Шевцов пришпилил язык к нёбу, видимо сдерживаясь в присутствии тестя.
– Имеете что-нибудь изложить по сути? Нет? Всего доброго.
Шевцов четко поклонился и крутанулся на каблуках.
Не желая потворствовать Лериным капризам, Шевцов подал прошение на перевод в Закаспийскую область и вскоре получил назначение в отряд Кушкинской бригады на российско-афганской границе.
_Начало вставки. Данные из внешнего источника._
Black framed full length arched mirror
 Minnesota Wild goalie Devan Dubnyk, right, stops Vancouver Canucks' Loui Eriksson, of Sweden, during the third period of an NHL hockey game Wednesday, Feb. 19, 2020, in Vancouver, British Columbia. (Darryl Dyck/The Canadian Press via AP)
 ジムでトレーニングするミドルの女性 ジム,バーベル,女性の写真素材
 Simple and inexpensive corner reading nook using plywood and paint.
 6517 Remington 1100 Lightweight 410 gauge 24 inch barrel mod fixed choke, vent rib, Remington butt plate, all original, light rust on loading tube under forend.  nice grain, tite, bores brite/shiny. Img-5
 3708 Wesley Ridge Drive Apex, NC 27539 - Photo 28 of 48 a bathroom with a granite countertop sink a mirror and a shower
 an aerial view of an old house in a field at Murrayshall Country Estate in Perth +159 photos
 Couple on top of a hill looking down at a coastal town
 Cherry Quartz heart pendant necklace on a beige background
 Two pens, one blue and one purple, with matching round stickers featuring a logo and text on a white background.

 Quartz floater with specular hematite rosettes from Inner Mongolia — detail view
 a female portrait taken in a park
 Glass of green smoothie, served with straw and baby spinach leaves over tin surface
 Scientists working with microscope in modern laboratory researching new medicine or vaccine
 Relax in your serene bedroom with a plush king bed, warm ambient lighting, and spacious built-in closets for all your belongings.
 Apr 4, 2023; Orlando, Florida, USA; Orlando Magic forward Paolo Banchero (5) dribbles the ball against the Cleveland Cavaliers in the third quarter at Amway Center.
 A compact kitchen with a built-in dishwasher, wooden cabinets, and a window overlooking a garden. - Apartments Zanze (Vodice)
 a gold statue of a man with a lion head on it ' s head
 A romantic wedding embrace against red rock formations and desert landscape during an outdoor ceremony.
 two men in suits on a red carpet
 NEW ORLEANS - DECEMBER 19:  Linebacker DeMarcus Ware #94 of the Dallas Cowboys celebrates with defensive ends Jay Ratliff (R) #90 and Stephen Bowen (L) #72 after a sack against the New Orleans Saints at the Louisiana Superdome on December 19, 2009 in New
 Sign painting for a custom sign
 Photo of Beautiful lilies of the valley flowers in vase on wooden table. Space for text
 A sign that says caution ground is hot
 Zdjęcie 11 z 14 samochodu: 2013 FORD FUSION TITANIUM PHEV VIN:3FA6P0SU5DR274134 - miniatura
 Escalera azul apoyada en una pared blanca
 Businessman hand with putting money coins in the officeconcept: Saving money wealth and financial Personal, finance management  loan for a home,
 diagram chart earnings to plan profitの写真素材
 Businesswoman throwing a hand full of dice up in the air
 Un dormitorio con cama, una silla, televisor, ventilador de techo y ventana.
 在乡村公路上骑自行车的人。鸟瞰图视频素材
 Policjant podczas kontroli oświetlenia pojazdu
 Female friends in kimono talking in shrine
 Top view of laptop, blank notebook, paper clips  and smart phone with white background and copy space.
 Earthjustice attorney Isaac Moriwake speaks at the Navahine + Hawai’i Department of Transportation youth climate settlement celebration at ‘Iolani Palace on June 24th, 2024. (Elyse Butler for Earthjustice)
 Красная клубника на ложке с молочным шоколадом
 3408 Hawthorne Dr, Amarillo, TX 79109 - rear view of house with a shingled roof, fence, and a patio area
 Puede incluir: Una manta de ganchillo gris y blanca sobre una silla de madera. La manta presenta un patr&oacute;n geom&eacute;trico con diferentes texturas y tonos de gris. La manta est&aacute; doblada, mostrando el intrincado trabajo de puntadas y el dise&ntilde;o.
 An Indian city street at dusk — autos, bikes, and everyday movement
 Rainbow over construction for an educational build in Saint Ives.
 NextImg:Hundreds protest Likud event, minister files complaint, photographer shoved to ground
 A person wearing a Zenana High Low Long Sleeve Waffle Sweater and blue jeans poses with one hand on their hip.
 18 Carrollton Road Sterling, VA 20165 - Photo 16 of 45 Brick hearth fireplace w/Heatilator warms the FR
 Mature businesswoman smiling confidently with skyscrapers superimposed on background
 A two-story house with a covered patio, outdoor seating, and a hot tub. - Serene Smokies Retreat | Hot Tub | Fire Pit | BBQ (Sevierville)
Он и не думал ехать на поклон к Валерии Леонидовне, а через третьих лиц оповестил супругу и тестя о грядущем распределении.
Сергей Дружной тяжело переживал отъезд близкого товарища:
– Одно утешительно: дальше Кушки не пошлют, меньше взвода не дадут, – невесело шутил он, – пообещал бы писать, да небось почта в эту гиблую даль не доходит.
Собирался Шевцов недолго: уладив дела в Петербурге, попрощался с отцом и, не дожидаясь ответа жены, отправился в дорогу.
Приехав через полторы недели в Красноводск, Шевцов пересел на местную секретную узкоколейку, проложенную до пограничного форта Кушка. Монотонный, унылый пейзаж его удручал. Со всех сторон – гряды однообразных песчаных сопок, на склонах которых время от времени попадались на глаза худосочные кусты саксаула. Ложбины у их подножья скудно выстланы чахоточной растительностью и разбросанной пятнами жухлой травой. Добравшись до крепости, Шевцов, помимо умученных пеклом, нервически всхрапывающих кавалерийских лошадей и невзрачных терпеливых мулов, приметил на ее дворе невозмутимых верблюдов, каждый с бочкообразным, раздутым брюхом и до нелепости худыми, мосластыми ногами.
Доложив о прибытии, Шевцов первым делом отправился в казарму. Угрюмое кирпичное здание, судя по остаткам краски когда-то бодрого терракотового цвета, теперь, под пелесым налетом песка и пыли, выглядело удручающе усталым. Внутри было сумрачно: и без того небольшие оконца сплошь завешены пропыленными противомоскитными пологами. Пакостная охряная пыль казалась вездесущей, покрывая все – от стен до простыней.
В жилой комнате Шевцов обнаружил человека с сероватым оттенком лица и без отличительных знаков на мундире. Мучимый колотившей его дрожью, тот едва отреагировал на уставное приветствие Шевцова.
– После, благородие, после! В лазарет я…
Шевцов озадаченно оглянулся: с угловой койки ему отсалютовал с вялой небрежностью господин в расстегнутом офицерском мундире и несвежей гимнастерке:
– Новоприбывший? Полно козырять, здесь формальности соблюдать не принято.
– Прошу прощения… Вы сказали – «формальности»?
– Скоро обживешься. Привыкнешь к местным порядкам. Духота, братец ты мой, невыносимый зной! И пылища… А ты покрывальце-то не убирай: ночью натурально закостенеешь. Здесь к осени температурные перепады. Я уже второй год привыкнуть не могу. Кошмарный климат. В голове не укладывается, как эти сарыки сумели здесь приспособиться.